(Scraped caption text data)
▼
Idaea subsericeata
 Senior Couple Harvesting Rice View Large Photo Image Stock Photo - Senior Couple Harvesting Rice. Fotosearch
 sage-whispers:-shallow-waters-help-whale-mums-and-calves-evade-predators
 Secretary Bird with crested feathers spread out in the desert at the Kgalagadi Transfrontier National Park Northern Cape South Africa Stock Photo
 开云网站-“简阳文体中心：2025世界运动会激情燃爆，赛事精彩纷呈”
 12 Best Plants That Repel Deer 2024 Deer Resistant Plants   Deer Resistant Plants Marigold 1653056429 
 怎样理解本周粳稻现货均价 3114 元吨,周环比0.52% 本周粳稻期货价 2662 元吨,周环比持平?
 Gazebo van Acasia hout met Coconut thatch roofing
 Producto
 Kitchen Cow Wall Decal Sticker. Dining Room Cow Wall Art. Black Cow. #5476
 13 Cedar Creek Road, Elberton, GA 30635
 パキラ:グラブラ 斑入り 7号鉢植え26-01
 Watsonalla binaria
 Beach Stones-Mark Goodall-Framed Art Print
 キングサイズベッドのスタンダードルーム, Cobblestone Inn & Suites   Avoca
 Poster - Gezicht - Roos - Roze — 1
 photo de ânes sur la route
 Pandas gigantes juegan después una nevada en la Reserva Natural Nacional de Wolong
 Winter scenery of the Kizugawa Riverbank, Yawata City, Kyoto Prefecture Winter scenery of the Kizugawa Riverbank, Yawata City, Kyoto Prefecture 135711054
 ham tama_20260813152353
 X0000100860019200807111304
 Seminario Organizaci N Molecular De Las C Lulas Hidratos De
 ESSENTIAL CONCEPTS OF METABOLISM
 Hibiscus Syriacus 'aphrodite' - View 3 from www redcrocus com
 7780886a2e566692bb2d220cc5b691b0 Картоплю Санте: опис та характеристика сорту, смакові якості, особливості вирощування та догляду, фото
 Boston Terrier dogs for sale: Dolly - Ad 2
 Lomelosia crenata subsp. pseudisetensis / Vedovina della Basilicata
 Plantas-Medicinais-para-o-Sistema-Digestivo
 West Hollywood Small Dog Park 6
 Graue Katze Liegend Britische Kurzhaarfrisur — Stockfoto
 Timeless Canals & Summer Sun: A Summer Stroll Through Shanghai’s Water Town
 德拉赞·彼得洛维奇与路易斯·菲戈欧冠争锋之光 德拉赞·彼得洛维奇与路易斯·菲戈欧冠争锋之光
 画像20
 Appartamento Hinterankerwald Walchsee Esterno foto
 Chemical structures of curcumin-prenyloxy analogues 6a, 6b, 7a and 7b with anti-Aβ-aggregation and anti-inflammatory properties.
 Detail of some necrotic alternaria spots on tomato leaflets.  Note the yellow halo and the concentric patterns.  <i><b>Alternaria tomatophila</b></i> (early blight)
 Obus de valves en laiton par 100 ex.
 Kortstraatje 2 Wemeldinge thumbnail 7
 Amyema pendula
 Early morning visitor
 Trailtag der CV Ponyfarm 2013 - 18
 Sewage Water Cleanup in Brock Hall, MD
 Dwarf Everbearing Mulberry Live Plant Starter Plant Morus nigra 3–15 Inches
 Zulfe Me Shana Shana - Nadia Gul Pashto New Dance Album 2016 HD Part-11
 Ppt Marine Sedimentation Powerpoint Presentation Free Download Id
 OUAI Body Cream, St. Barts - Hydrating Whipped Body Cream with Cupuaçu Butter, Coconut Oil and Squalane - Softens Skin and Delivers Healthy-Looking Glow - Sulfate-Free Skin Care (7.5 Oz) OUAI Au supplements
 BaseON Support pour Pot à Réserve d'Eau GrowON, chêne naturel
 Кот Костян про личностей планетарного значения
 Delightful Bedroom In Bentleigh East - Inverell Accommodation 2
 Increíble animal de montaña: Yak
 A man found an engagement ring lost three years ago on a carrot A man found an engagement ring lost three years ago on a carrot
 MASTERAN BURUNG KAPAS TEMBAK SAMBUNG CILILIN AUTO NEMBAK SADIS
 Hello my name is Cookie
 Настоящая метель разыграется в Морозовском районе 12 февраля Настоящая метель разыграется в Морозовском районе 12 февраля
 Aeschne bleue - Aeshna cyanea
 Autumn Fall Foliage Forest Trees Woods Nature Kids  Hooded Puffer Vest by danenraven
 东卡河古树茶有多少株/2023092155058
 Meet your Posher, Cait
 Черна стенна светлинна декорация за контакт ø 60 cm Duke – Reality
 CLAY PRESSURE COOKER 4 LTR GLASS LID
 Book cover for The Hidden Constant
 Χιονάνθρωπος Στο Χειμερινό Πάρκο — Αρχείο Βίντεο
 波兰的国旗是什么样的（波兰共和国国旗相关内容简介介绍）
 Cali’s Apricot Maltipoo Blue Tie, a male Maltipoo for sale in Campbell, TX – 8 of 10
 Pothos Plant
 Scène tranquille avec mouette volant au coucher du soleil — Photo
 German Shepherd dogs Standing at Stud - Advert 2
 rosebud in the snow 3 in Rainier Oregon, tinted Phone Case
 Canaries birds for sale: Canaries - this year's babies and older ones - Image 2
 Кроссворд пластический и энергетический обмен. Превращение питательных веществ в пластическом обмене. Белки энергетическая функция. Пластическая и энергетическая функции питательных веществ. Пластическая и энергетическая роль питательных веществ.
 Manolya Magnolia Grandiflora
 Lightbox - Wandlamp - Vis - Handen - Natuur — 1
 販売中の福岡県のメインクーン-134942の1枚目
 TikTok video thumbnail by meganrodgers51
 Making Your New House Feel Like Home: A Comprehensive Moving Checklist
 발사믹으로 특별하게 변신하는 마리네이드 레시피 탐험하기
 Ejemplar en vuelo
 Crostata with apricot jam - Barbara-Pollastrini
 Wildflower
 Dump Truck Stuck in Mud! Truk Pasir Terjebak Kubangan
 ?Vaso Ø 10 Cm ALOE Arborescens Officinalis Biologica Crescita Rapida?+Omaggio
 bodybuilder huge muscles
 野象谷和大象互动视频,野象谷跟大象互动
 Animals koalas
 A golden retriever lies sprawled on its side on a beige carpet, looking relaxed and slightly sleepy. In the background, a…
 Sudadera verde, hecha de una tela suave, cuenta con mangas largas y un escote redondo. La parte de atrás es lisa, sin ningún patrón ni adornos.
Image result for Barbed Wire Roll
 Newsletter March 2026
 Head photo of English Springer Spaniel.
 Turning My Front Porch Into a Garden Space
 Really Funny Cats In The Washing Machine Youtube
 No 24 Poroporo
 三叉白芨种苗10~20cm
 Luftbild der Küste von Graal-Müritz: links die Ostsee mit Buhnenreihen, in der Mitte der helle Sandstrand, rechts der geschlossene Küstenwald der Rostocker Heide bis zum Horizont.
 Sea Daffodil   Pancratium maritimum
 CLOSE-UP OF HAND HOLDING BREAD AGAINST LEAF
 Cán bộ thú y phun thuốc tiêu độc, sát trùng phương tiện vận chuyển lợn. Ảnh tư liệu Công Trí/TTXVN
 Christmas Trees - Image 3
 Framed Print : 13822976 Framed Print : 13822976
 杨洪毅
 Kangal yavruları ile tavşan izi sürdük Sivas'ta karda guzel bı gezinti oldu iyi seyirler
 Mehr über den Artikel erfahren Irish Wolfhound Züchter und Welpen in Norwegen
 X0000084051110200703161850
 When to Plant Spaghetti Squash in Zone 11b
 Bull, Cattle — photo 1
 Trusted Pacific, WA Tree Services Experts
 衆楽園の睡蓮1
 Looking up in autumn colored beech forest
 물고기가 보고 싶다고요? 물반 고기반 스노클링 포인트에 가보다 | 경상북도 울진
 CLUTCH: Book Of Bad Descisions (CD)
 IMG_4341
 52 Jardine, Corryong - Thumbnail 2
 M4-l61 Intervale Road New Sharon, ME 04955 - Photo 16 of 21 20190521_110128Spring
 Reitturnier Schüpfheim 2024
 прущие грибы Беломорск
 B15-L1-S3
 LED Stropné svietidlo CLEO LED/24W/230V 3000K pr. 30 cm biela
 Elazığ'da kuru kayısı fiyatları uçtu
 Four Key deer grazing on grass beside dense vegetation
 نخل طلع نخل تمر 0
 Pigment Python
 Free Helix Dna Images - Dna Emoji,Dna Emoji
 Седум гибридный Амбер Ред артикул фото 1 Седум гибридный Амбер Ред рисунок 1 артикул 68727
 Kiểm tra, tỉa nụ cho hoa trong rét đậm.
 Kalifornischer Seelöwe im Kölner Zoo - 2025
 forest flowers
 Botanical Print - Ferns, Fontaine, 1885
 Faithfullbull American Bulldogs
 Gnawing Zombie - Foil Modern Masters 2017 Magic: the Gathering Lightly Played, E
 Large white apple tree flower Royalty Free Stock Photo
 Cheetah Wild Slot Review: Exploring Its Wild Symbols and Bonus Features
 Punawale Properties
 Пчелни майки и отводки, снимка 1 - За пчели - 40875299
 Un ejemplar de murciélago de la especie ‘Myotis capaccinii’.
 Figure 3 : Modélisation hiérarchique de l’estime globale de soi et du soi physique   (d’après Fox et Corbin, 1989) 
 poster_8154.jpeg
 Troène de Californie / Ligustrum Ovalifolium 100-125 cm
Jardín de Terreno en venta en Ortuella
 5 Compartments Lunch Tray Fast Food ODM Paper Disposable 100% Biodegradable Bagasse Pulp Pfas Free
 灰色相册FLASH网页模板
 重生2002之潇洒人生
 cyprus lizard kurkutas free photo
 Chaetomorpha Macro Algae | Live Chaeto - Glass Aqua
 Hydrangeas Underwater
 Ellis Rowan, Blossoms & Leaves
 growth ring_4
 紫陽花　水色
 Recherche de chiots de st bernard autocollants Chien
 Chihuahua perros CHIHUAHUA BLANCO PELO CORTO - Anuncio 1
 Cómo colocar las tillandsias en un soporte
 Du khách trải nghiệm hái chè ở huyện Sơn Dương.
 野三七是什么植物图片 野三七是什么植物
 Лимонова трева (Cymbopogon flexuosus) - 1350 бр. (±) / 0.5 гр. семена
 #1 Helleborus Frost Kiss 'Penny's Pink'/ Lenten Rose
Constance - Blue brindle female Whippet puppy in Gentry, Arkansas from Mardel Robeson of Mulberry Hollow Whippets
▲
### Work task
Print the lines above from the one with "Sewage Water Cleanup in Brock Hall, MD" through the one with "Кот Костян про", both included, exactly as written and nothing more.

### Answer below
 Sewage Water Cleanup in Brock Hall, MD
 Dwarf Everbearing Mulberry Live Plant Starter Plant Morus nigra 3–15 Inches
 Zulfe Me Shana Shana - Nadia Gul Pashto New Dance Album 2016 HD Part-11
 Ppt Marine Sedimentation Powerpoint Presentation Free Download Id
 OUAI Body Cream, St. Barts - Hydrating Whipped Body Cream with Cupuaçu Butter, Coconut Oil and Squalane - Softens Skin and Delivers Healthy-Looking Glow - Sulfate-Free Skin Care (7.5 Oz) OUAI Au supplements
 BaseON Support pour Pot à Réserve d'Eau GrowON, chêne naturel
 Кот Костян про личностей планетарного значения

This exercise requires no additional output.